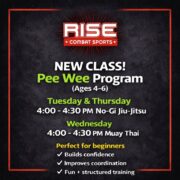Rise Combat AZ facility image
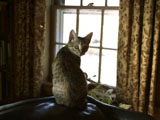 pixel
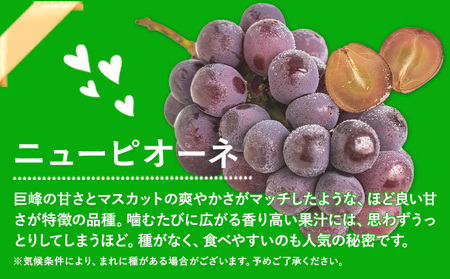 訳あり ニューピオーネ シャインマスカット 約1.2kg 《9月上旬～10月下旬頃に出荷予定》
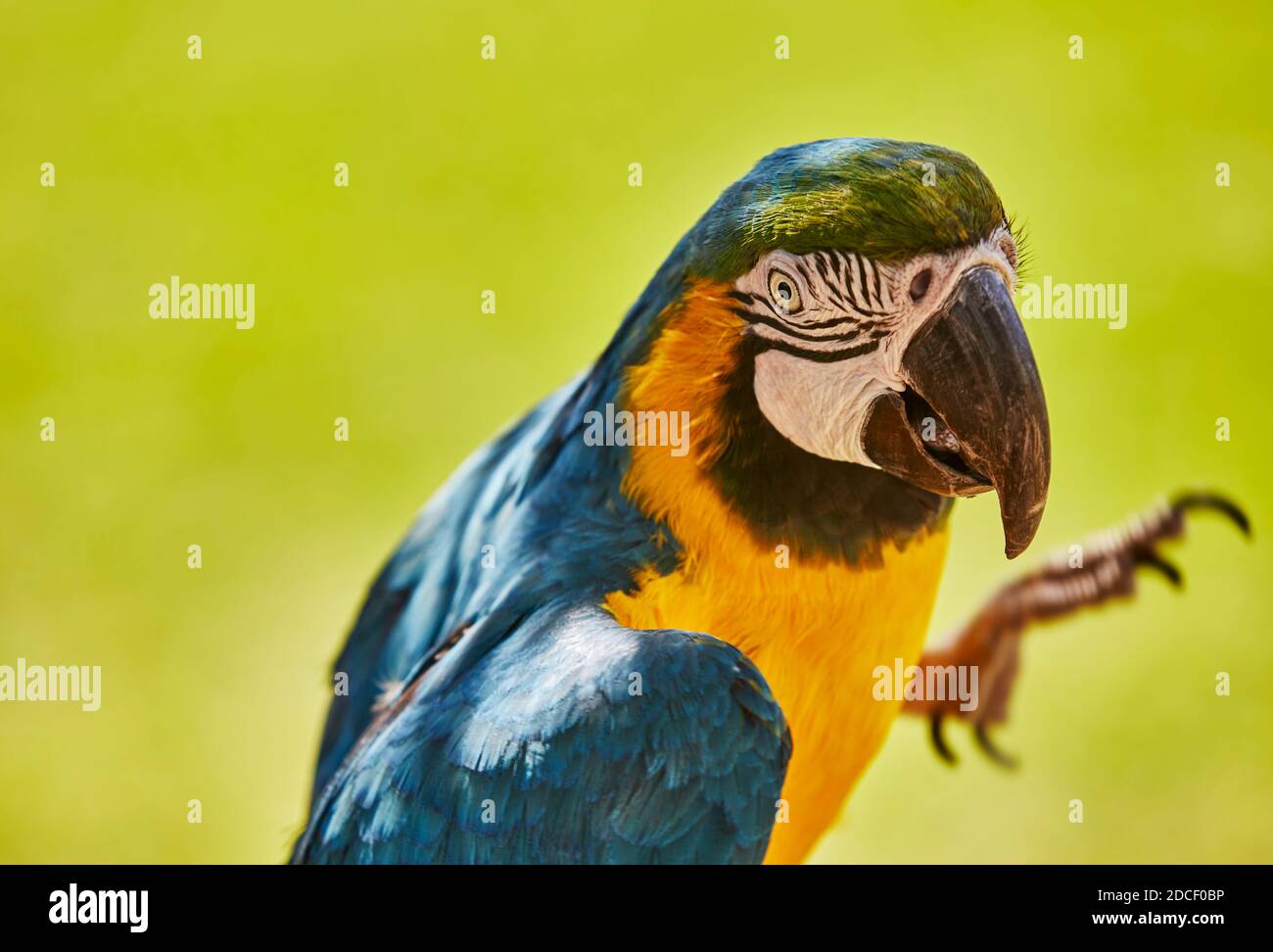 Primo piano di una macaw blu e oro che guarda sopra la sua spalla verso la fotocamera con profondità di campo poco profonda Foto Stock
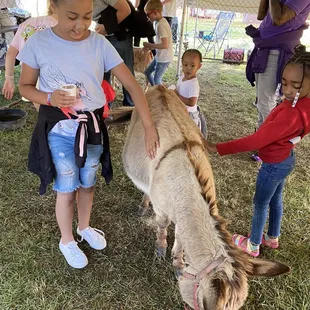 A lil donkey so flipping cute! Soft too!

*****

To do: Restate the listing word for word and drop the pictures.

Answer to this task:
Rise Combat AZ facility image
 pixel
 訳あり ニューピオーネ シャインマスカット 約1.2kg 《9月上旬～10月下旬頃に出荷予定》
 Primo piano di una macaw blu e oro che guarda sopra la sua spalla verso la fotocamera con profondità di campo poco profonda Foto Stock
 A lil donkey so flipping cute! Soft too!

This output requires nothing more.